_PROVIDED RECORDS_:

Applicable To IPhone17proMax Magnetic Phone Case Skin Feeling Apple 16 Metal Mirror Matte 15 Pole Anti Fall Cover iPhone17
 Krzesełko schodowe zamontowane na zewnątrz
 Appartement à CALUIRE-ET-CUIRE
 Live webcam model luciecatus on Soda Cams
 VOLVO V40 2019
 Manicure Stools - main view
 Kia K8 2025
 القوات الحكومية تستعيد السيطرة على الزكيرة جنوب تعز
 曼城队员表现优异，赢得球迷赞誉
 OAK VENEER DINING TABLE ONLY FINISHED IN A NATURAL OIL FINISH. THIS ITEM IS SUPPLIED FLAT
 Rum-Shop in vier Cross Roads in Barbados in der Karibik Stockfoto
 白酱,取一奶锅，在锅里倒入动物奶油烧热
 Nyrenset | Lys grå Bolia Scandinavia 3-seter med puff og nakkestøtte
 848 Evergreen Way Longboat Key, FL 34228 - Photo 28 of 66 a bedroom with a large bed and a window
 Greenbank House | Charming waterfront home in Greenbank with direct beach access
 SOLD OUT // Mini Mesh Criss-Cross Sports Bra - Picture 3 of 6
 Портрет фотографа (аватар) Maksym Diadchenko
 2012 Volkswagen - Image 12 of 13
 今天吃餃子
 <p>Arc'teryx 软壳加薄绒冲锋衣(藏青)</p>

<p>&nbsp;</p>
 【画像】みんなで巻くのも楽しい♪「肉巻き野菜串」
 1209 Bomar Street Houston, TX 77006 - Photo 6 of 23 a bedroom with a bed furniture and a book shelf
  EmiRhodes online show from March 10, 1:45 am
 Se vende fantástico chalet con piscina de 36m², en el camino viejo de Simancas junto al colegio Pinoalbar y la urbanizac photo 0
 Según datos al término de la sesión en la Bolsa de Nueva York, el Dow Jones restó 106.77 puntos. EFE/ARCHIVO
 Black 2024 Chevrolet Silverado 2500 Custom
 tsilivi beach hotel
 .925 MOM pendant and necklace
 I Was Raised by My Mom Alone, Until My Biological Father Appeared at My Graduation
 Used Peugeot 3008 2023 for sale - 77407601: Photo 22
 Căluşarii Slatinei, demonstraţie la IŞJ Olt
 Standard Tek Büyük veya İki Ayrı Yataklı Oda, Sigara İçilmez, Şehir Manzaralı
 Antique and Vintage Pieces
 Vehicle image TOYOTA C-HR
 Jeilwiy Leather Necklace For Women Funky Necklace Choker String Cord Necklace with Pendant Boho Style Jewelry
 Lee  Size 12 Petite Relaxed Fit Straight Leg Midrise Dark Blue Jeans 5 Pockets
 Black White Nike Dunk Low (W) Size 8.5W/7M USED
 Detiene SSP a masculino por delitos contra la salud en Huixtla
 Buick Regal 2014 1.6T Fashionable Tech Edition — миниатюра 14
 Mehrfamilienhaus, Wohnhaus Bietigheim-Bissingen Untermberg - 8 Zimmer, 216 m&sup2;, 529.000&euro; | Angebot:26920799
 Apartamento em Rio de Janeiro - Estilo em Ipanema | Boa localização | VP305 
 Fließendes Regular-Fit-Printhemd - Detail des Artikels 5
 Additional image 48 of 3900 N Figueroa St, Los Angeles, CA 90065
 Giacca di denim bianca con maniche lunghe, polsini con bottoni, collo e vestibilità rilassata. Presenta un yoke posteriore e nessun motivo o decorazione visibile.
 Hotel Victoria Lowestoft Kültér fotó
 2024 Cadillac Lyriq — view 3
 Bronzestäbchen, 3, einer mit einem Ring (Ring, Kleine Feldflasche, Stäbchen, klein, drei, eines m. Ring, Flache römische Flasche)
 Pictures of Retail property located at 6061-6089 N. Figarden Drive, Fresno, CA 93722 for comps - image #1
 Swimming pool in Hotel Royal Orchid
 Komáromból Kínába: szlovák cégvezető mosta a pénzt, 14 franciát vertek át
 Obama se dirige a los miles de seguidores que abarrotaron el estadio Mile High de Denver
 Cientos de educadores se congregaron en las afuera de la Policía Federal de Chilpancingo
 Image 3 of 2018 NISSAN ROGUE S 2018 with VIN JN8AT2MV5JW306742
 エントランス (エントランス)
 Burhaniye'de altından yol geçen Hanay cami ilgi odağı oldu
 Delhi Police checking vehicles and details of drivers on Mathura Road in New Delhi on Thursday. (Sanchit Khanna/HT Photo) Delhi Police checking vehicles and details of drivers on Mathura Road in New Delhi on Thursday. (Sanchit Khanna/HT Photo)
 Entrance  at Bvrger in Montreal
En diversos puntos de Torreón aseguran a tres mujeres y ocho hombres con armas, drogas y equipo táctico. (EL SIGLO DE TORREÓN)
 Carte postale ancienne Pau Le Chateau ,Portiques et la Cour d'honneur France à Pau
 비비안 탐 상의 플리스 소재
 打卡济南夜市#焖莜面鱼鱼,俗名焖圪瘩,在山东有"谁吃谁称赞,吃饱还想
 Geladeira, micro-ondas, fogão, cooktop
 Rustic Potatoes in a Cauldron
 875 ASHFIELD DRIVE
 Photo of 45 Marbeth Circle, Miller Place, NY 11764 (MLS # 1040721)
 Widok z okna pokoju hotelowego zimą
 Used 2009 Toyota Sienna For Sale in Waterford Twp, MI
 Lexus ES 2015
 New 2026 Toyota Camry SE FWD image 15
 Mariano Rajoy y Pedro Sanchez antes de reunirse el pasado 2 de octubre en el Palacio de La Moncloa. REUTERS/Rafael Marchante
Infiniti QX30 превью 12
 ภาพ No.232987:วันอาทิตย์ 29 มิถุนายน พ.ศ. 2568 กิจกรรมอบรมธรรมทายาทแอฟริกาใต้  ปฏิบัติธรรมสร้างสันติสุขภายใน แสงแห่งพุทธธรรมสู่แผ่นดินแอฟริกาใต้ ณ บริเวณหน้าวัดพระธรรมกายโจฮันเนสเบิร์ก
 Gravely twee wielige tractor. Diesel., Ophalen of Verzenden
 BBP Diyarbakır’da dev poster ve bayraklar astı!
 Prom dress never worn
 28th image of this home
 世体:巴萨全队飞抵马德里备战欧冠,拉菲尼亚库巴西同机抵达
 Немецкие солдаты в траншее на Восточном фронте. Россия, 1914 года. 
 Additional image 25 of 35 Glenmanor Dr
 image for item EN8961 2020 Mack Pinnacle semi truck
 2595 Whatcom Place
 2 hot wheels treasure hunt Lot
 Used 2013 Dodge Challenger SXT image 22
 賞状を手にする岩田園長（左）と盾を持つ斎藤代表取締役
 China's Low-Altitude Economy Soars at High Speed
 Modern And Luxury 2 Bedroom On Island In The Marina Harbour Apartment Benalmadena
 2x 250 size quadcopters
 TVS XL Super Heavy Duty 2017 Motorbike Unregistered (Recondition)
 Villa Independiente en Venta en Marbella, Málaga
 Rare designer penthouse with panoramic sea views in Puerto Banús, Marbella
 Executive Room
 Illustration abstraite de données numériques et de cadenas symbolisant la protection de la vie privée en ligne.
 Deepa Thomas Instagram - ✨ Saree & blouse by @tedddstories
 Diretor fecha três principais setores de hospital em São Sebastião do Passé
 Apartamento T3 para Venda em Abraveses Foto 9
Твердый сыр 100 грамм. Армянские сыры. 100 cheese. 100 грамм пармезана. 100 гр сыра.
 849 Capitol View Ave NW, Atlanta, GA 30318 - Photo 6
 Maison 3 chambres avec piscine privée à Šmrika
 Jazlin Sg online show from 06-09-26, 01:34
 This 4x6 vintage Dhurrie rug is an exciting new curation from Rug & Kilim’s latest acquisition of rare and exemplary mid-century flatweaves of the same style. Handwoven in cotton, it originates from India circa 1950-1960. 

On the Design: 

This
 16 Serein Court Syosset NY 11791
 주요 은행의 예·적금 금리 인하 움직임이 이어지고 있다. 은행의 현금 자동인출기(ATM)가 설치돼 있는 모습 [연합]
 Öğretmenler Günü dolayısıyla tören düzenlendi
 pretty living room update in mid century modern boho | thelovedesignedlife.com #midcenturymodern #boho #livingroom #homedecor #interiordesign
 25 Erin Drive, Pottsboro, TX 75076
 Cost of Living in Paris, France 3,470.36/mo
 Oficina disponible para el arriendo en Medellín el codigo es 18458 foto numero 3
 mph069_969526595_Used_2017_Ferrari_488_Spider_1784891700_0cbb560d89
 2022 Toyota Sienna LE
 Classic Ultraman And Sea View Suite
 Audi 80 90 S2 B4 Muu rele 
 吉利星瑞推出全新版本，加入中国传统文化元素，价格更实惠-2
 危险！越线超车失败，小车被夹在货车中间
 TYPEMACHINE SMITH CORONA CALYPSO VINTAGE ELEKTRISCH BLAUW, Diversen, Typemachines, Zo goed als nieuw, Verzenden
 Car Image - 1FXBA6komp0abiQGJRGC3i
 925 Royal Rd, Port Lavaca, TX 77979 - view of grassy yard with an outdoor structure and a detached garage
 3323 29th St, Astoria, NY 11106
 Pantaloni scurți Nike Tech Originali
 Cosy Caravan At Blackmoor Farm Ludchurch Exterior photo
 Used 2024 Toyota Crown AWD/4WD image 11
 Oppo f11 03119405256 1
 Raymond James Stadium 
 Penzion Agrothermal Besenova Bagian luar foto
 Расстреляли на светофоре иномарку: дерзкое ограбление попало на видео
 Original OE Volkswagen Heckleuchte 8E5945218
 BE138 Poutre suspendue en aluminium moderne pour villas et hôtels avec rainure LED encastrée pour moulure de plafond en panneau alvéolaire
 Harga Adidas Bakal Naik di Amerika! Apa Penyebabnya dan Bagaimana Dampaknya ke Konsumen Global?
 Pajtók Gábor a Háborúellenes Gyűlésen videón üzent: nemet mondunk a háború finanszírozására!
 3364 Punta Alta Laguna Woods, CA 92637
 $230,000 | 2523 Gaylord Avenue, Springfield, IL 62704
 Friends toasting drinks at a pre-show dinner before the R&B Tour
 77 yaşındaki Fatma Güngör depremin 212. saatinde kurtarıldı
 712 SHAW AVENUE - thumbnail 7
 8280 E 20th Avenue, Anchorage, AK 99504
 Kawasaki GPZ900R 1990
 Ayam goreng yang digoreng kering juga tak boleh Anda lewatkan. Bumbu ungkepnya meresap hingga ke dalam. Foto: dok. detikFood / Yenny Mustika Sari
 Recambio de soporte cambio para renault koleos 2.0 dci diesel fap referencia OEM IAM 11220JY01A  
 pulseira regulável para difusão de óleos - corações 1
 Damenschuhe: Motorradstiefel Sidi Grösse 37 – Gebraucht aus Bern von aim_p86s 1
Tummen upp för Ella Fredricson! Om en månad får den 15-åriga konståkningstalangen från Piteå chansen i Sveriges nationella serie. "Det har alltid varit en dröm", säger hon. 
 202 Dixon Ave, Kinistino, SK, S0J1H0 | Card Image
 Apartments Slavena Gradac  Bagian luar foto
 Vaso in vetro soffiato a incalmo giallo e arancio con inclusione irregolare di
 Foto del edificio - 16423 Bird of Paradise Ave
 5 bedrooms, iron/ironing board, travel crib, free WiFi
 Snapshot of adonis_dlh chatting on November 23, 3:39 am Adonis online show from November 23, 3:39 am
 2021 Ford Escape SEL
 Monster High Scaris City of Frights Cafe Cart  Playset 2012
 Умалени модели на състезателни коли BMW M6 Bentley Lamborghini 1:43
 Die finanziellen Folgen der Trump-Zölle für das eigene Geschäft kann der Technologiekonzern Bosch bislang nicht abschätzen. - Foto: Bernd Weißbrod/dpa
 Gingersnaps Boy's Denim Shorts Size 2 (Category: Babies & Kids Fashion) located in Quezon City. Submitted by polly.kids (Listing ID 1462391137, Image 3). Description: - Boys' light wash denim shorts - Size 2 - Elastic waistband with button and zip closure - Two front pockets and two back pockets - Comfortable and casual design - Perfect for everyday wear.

_YOUR GOAL_: Up to and including the line with "Портрет фотографа (аватар) Maksym Diadchenko", transcribe the entries above exactly, starting from their first line.

_OUTPUT OF THE EXERCISE_:
Applicable To IPhone17proMax Magnetic Phone Case Skin Feeling Apple 16 Metal Mirror Matte 15 Pole Anti Fall Cover iPhone17
 Krzesełko schodowe zamontowane na zewnątrz
 Appartement à CALUIRE-ET-CUIRE
 Live webcam model luciecatus on Soda Cams
 VOLVO V40 2019
 Manicure Stools - main view
 Kia K8 2025
 القوات الحكومية تستعيد السيطرة على الزكيرة جنوب تعز
 曼城队员表现优异，赢得球迷赞誉
 OAK VENEER DINING TABLE ONLY FINISHED IN A NATURAL OIL FINISH. THIS ITEM IS SUPPLIED FLAT
 Rum-Shop in vier Cross Roads in Barbados in der Karibik Stockfoto
 白酱,取一奶锅，在锅里倒入动物奶油烧热
 Nyrenset | Lys grå Bolia Scandinavia 3-seter med puff og nakkestøtte
 848 Evergreen Way Longboat Key, FL 34228 - Photo 28 of 66 a bedroom with a large bed and a window
 Greenbank House | Charming waterfront home in Greenbank with direct beach access
 SOLD OUT // Mini Mesh Criss-Cross Sports Bra - Picture 3 of 6
 Портрет фотографа (аватар) Maksym Diadchenko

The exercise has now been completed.